Derivation of the dilated representation

More precisely, let $\{\mu(a)\}_a\subset\operatorname{Pos}(\mathcal X)$ be a POVM actin in some (finite-dimensional) Hilbert space $\mathcal X$. This means in particular that $\sum_a\mu(a)=I$. Consider now the operator $V:\mathcal X\to\mathcal X\otimes\mathcal Y$ defined as $$Vu = \sum_a (\sqrt{\mu(a)}u)\otimes |a\rangle, \qquad u\in\mathcal X,$$ for some orthonormal basis $\{|a\rangle\}_a$ for $\mathcal Y$. You can verify that this $V$ is an isometry, and its Hermitian conjugate acts on basis vectors as $$V^\dagger(u\otimes v) = \sum_a \langle a,v\rangle \sqrt{\mu(a)} u, \qquad u\in\mathcal X,\, v\in\mathcal Y.$$ This expression can be obtained from the inner product $$\langle v\otimes w, Vu\rangle = \sum_a \langle v,\sqrt{\mu(a)}u\rangle \langle w,a\rangle = \langle V^\dagger(v\otimes w),u\rangle.$$

With these, observe that $$V^\dagger(I\otimes |a\rangle\!\langle a|) V \,u = \mu(a) u.$$ In other words, we can write the elements of the POVM as $$\mu(a) = V^\dagger(I\otimes |a\rangle\!\langle a|) V.$$ This is essentially the statement at hand: $V$ is an isometry that maps the states into a larger space, where a projective measurement in the basis $|a\rangle$ is performed.

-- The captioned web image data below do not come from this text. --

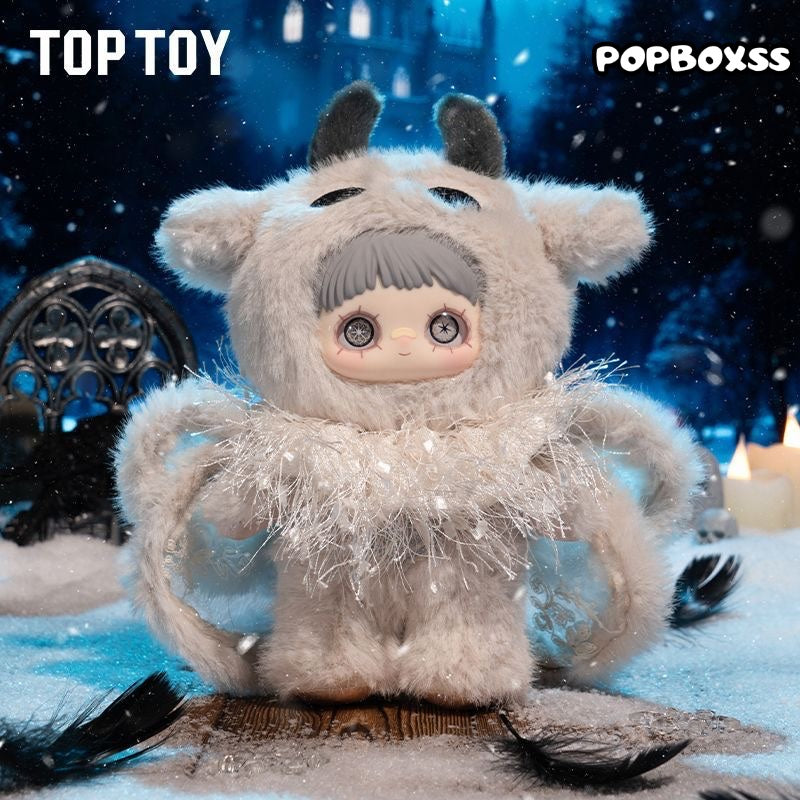 【US 3-5 Arrival】MayMei Winter Weirdness Series Plush Blind Box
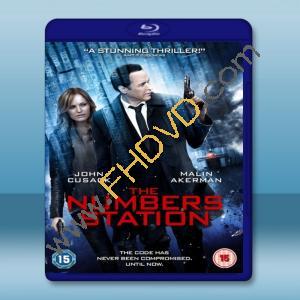  數字戰 The Numbers Station (2013) 藍光25G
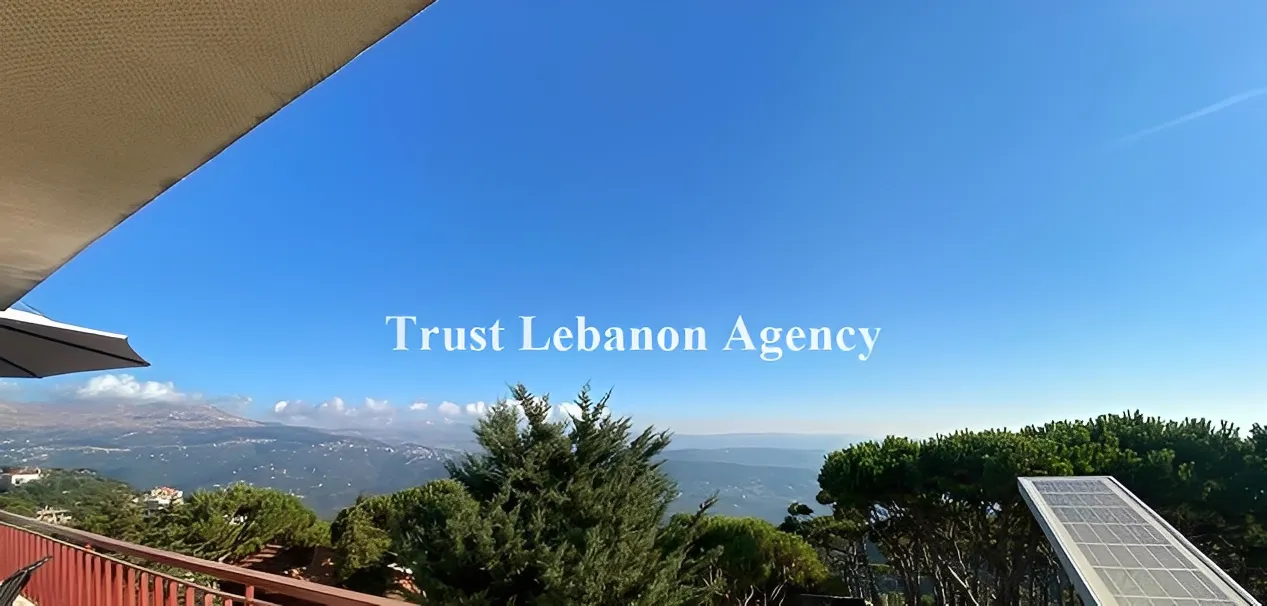 Apartment for Sale in Metn Dhour Al Chweir Lebanon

The probabilities produced by the POVM then read $$\langle \mu(a),\rho\rangle = \langle I\otimes |a\rangle\!\langle a|, V\rho V^\dagger\rangle \equiv \langle a| \operatorname{Tr}_1[V\rho V^\dagger]|a\rangle,$$ which is again directly interpreted as evolving $\rho$ through the isometry $V$, and then performing a projective measurement on the ancillary degree of freedom.

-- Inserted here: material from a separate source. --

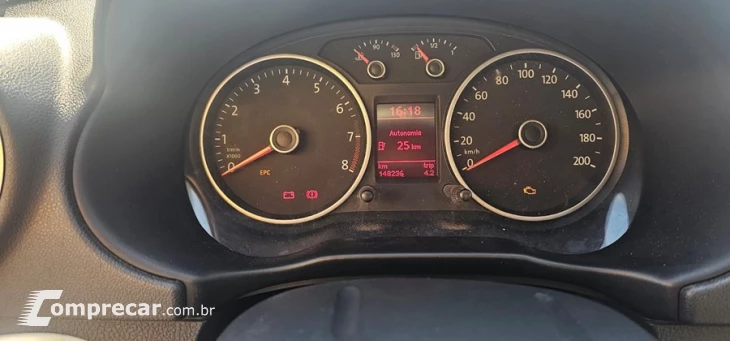 GOL 1.0 MI Trendline 8V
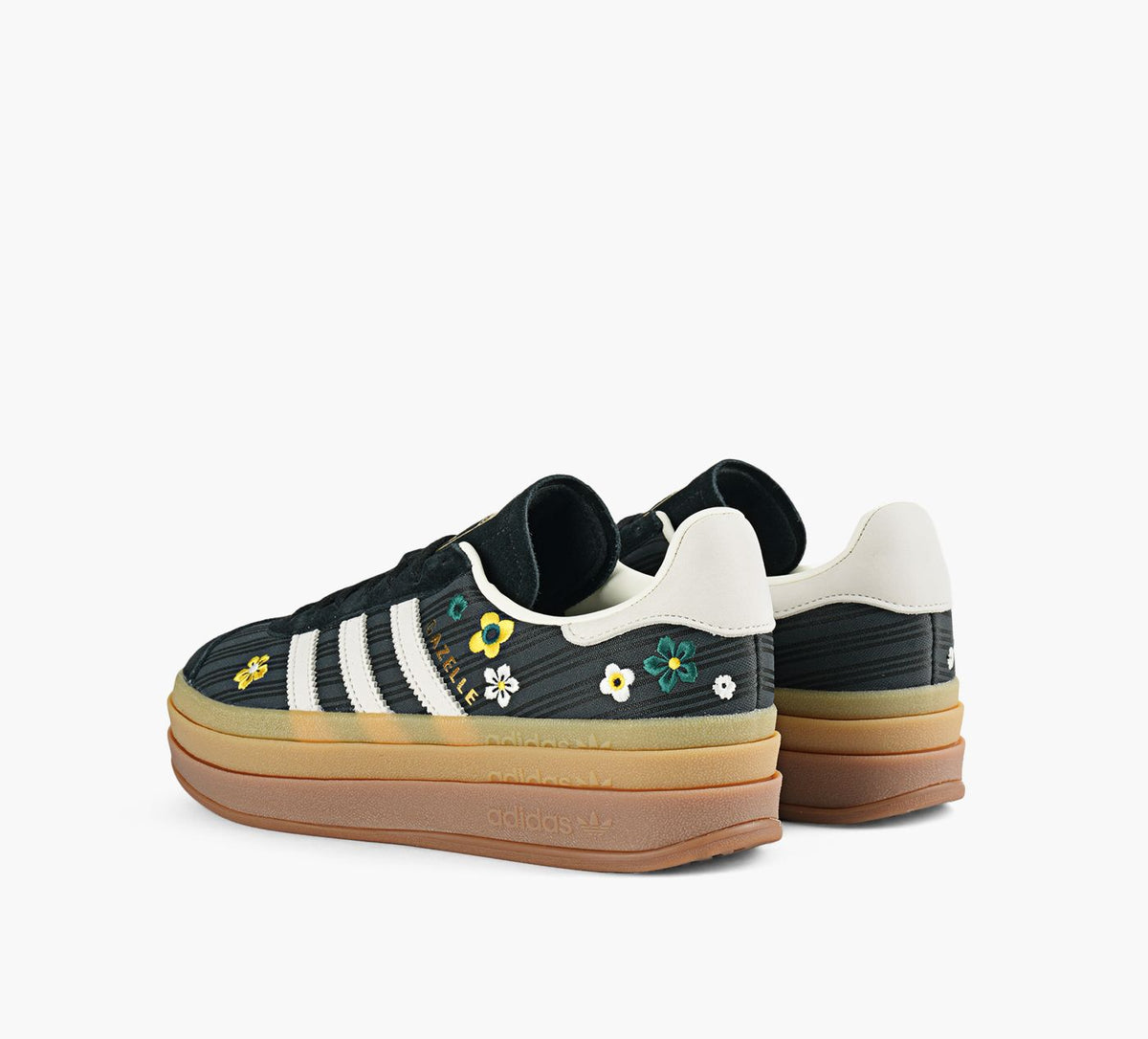 ADIDAS GAZELLEBOLDXLIBERTYLONDON in BLACK view 3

See e.g. Watrous' book, section 2.3, for more info.

Examples

You can find a few examples of POVMs in this other answer. Consider here the somewhat trivial single-qubit two-outcome POVM with $\mu(1)=\mu(2)=\frac12 I$. This has elements that have rank 2, and following the procedure above we find dilations of the form $$V = \frac1{\sqrt2}\sum_{a=1}^2 I\otimes |a\rangle.$$ In matrix form, this can be represented as $$V = \frac1{\sqrt2}\begin{pmatrix}1&0 \\ 0&1 \\ 1& 0\\0&1\end{pmatrix}$$ I should point out that the way you represent $V$ (as any linear operator really) depends on the choice of basis. The matrix representation I'm using here would arguably be the one more naturally attached to $\frac12\sum_a |a\rangle\otimes I$ rather than $V$ itself, but as long as one knows how things are being represented there is no harm in using this representation. Note also that the dilation isometry is not unique. It depends on our choice of basis in the ancillary space.

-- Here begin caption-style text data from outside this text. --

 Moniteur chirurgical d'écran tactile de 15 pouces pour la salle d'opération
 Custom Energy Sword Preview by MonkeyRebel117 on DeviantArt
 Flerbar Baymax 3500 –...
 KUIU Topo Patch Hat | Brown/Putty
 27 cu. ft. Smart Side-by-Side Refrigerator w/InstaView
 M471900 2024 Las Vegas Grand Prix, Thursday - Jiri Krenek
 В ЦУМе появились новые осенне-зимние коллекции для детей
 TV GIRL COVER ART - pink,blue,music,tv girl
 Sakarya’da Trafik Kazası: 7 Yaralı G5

So, given an initial state $|\psi\rangle$, we get $V|\psi\rangle=|\psi\rangle\otimes|+\rangle$, and thus the outcome probabilities are $p(i) = \| (I\otimes \langle i|)(|\psi\rangle\otimes|+\rangle)\|^2=\frac12$, for $i=0,1$. Which is compatible with the POVM being such that $\langle\mu(i),\rho\rangle=\frac12$. Admittedly, this is a completely useless measurement which extracts no information from the state, I only use it to illustrate the procedure. Similar calculations can be performed in less trivial cases though, e.g. something like $\mu(1)=I/2+\epsilon$ and $\mu(2)=I-\mu(1)$ for $\epsilon>0$ small enough.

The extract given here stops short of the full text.